A government shutdown and #cliffgate may still not occur.
But those who are discounting the chances of it happening have far more confidence in the willingness of the tea party wing of the House GOP to act rationally at the last minute as its dreams of being seen as uncompromising and defiant are close to being realized than I do.
Here's why will it be up to the tea party wing and not, as many others are saying, House Speaker John Boehner (R-OH) to decide whether a shutdown occurs.
Now that the House has passed a continuing resolution that the Senate won't accept because it defunds Obamacare, the budget process choreography for the coming week will be as follows:
- The Senate will begin to debate the House-passed CR on Monday or Tuesday.
- The Senate is likely to strip out the defunding provision.
- The Senate may increase the spending level from what the House included in its version of the CR.
- Senate Republicans may filibuster the CR and, therefore, bear the responsibility for the bill not being enacted by the start of the fiscal year and, therefore, for the shutdown.

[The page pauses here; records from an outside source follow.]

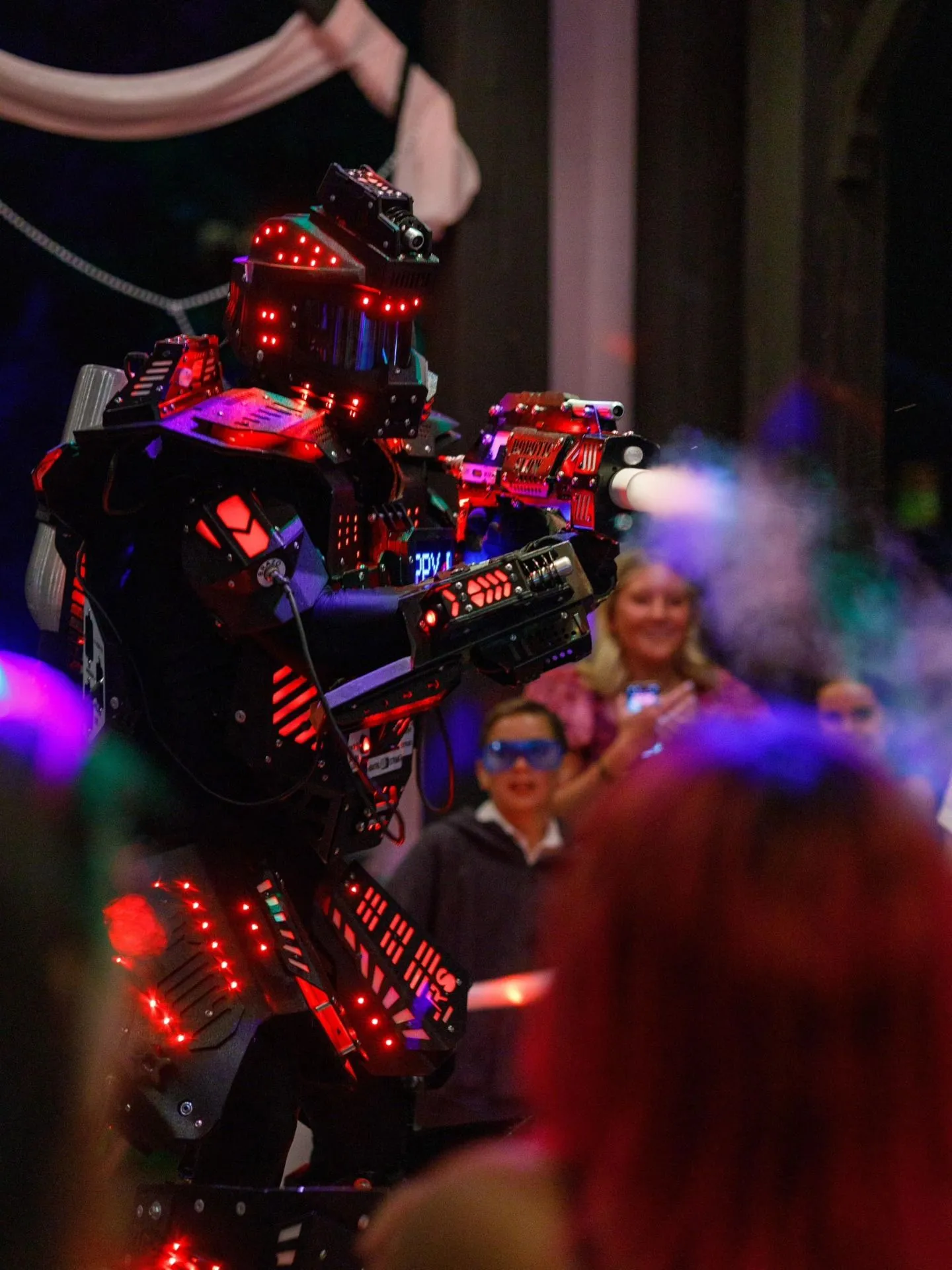 A red LED robot firing a CO₂ cannon over the crowd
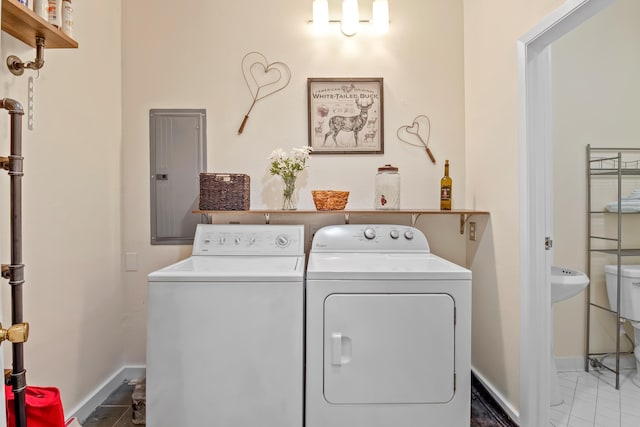 washroom with tile patterned flooring, laundry area, baseboards, washer and dryer, and electric panel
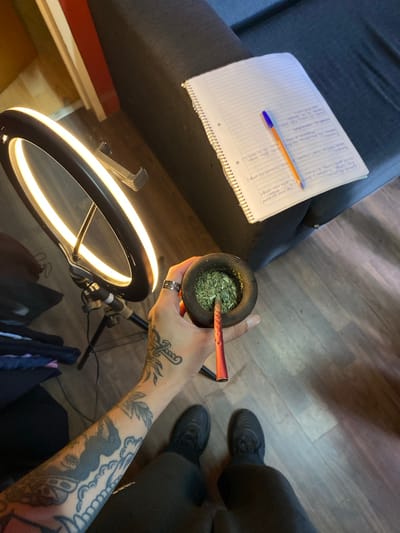 The scene is an indoor setting, likely a home, based on the presence of a grey sofa, wood-patterned flooring, and a ring light. The location is stated as Llavallol, Argentina. A person's arm, heavily tattooed, is holding a traditional South American gourd (mate) filled with yerba mate. A bombilla (metal straw) is inserted into the gourd. The person is wearing a silver ring. To the left of the gourd is a notebook filled with handwritten notes and a pen. A ring light is positioned in the foreground. Black shoes are visible in the background.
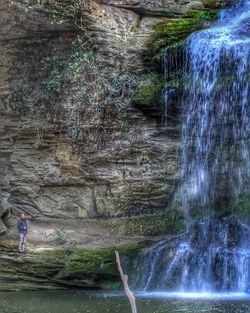 Woman standing on rocks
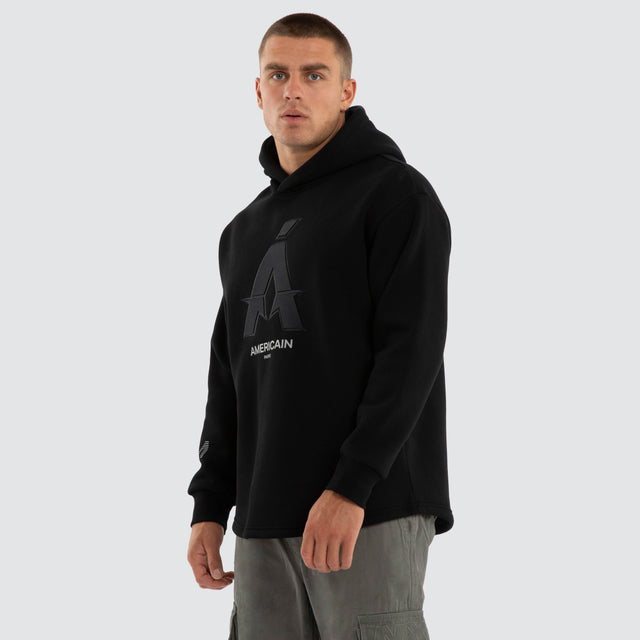 Model wears Motion Relax Dual Curve Hoodie Jet Black Hoodies Black – image 3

- But, in one of the great legislative ironies in American history, Senate parliamentary procedures will force the GOP to filibuster the House-passed CR that defunds Obamacare. In other words, Senate Republicans technically will be preventing what they say they actually want to happen from being adopted.
- If the filibuster doesn't happen, the Senate is not likely to send whatever CR it passes back to the House until next Thursday, September 26, at the earliest.
- If there is a filibuster and cloture is invoked, the Senate-passed bill may not get back to the House until the 28th or 29th of September, that is, just two days before a shutdown will begin.
So, with no more than four days to go, House Republicans will be faced with the choice of forcing a showdown over Obamacare by shutting down the government or backing down after getting the equivalent of a legislative middle finger from Majority Leader Harry Reid (D-NV) and the other Senate Democrats.
They would likely pick the shutdown if the decision had to be made today, that is, a week before the fiscal year begins.
But t's hard to imagine that there will be an enhanced sense of compromise a week from now after all sides undoubtedly have said things that are less- than-pleasant about each other and emotions are particularly high.
This especially will be the case if the Senate increases spending over the House-passed levels AND strips out the defunding provision. If that happens the CR sent to the House by the Senate will be anathema to the tea party and it will have virtually no choice but to refuse to accept the legislation even if it means a shutdown on October 1 becomes all but certain.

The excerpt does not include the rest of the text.